··· DATA RECORDS ···
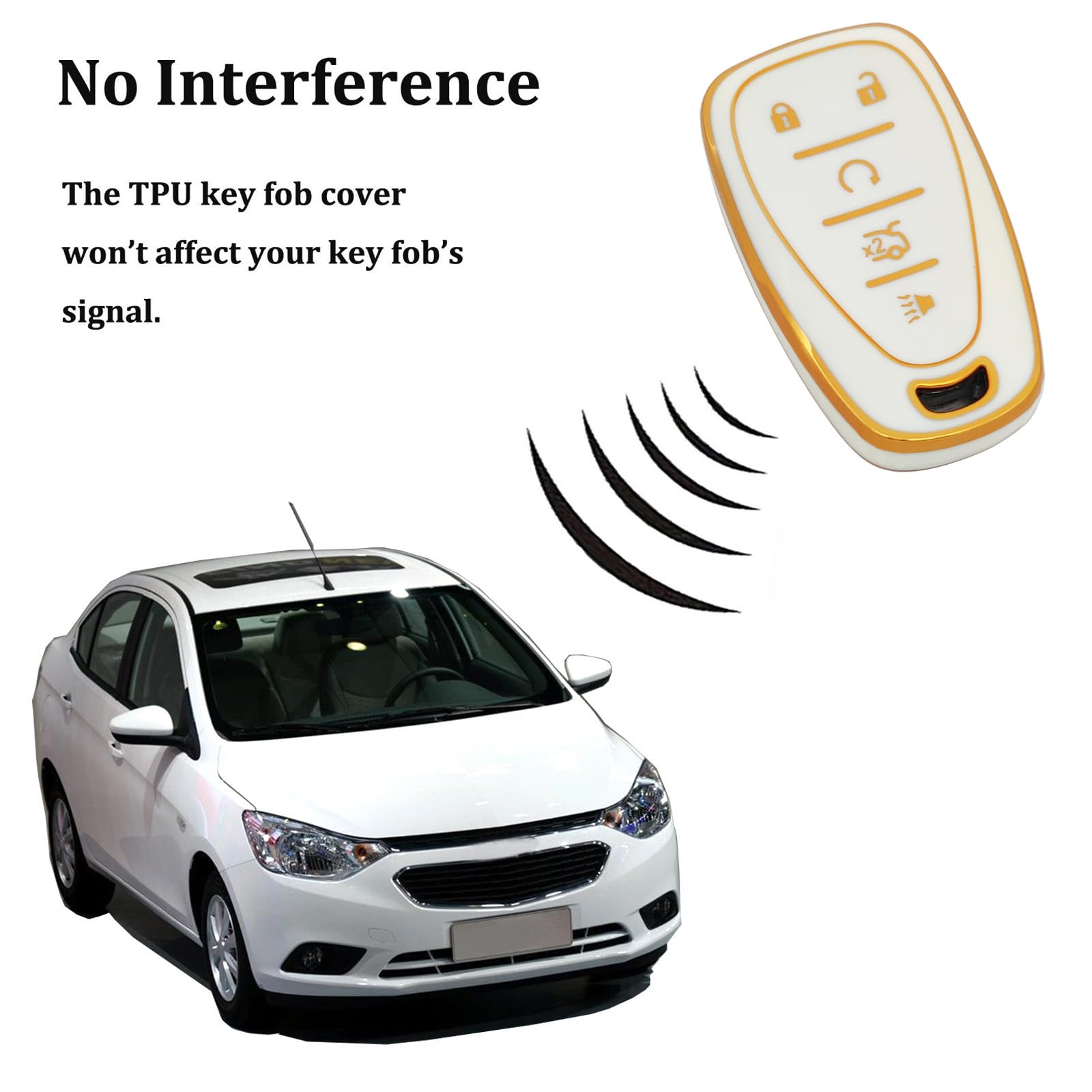 Arruweer Soft Tpu Smart Key Case Holder Protector Key Fob Cover Compatible With Chevrolet 2016-2021 Chevy Equinox Malibu Camaro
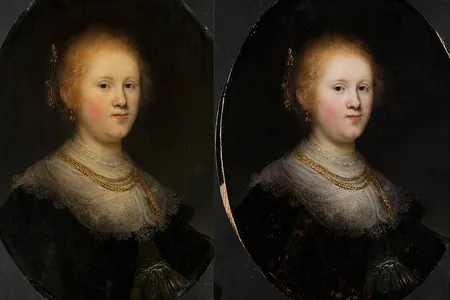 Rembrandt's Portrait of a Woman before (left) and after (right) conservation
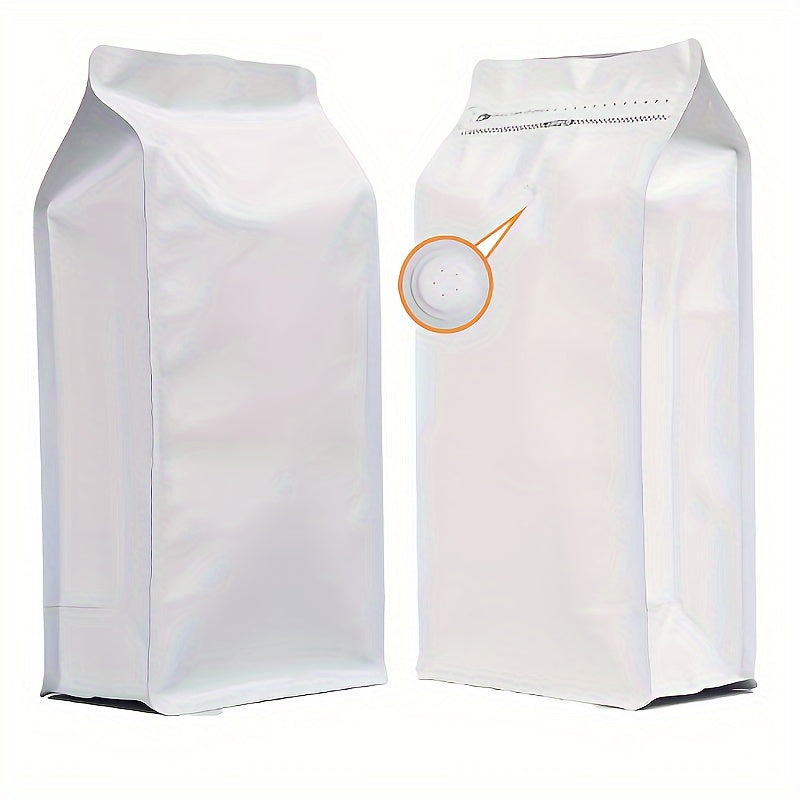 100pcs Bolsas de Café Autoadhesivas a Prueba de Fugas con Válvula Unidireccional - Perfectas para Almacenamiento de Granos, Frutos Secos, Frutas Secas y Té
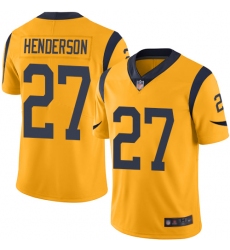 Rams 27 Darrell Henderson Gold Men Stitched Football Limited Rush Jersey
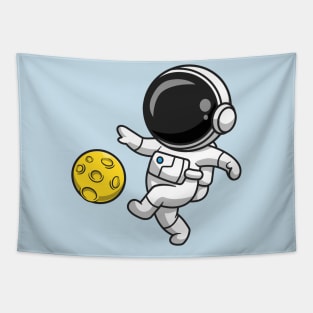 Cute Astronaut Playing Soccer Moon Cartoon Tapestry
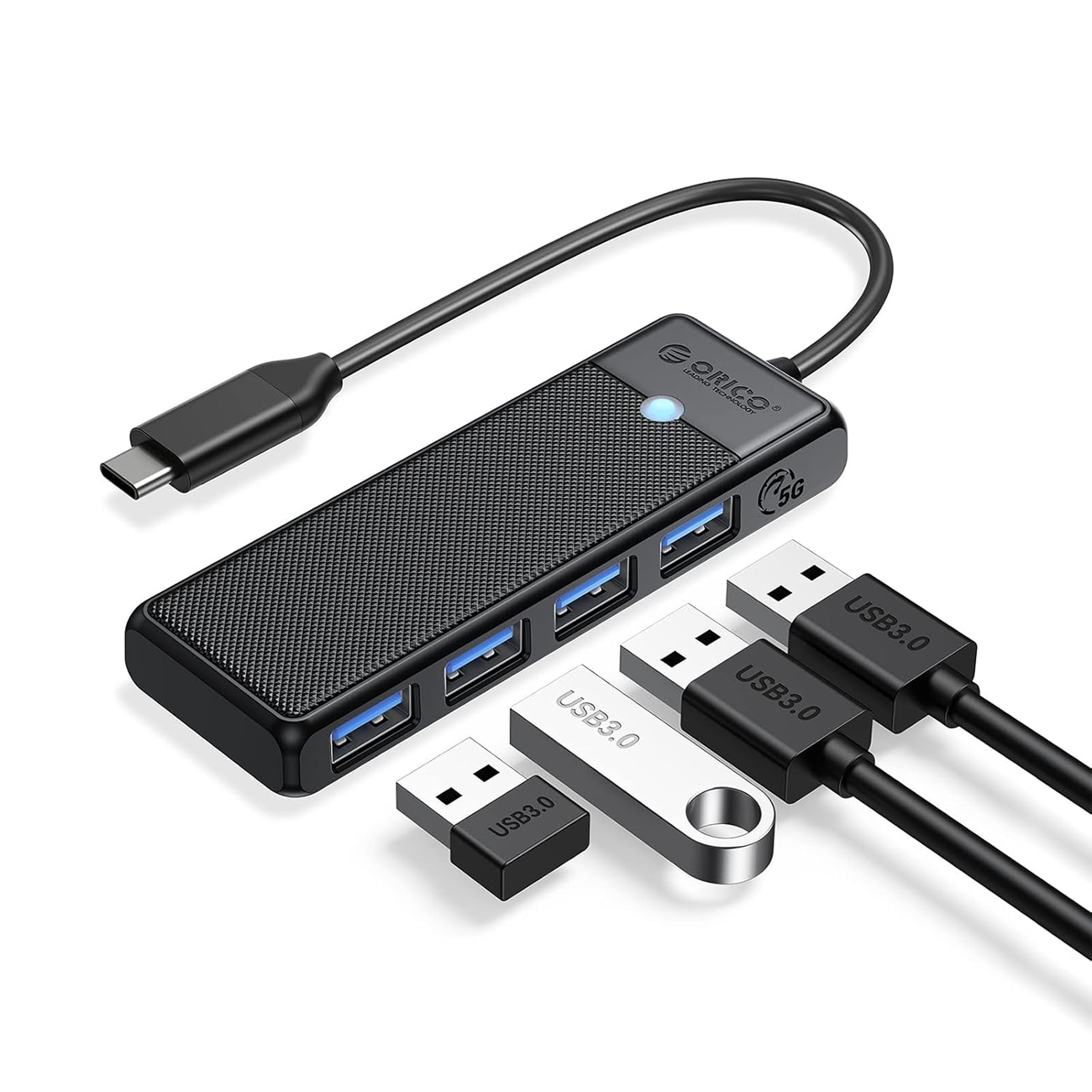 Orico PAPW4A-C3 USB-hubb med 4 portar (4x USB-A 3.0), 0,15 m – svart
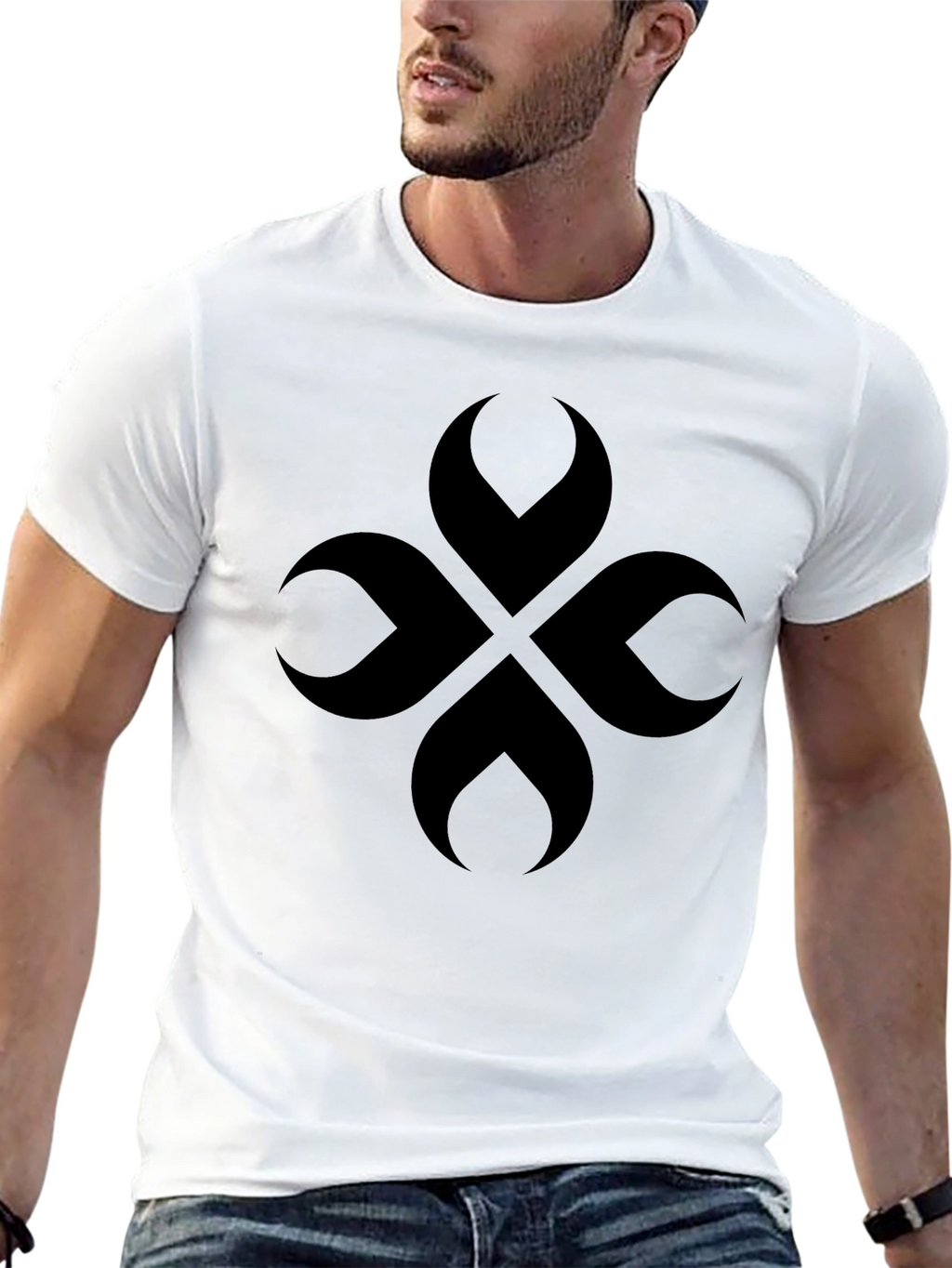 Abstract Clover Tee - Modern Black Graphic T-Shirt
···
**WHAT THE EXERCISE ASKS**
Leave every picture out. Retype the remaining data exactly.

**REPLY TO THE EXERCISE**
 Arruweer Soft Tpu Smart Key Case Holder Protector Key Fob Cover Compatible With Chevrolet 2016-2021 Chevy Equinox Malibu Camaro
 Rembrandt's Portrait of a Woman before (left) and after (right) conservation
 100pcs Bolsas de Café Autoadhesivas a Prueba de Fugas con Válvula Unidireccional - Perfectas para Almacenamiento de Granos, Frutos Secos, Frutas Secas y Té
 Rams 27 Darrell Henderson Gold Men Stitched Football Limited Rush Jersey
 Cute Astronaut Playing Soccer Moon Cartoon Tapestry
 Orico PAPW4A-C3 USB-hubb med 4 portar (4x USB-A 3.0), 0,15 m – svart
 Abstract Clover Tee - Modern Black Graphic T-Shirt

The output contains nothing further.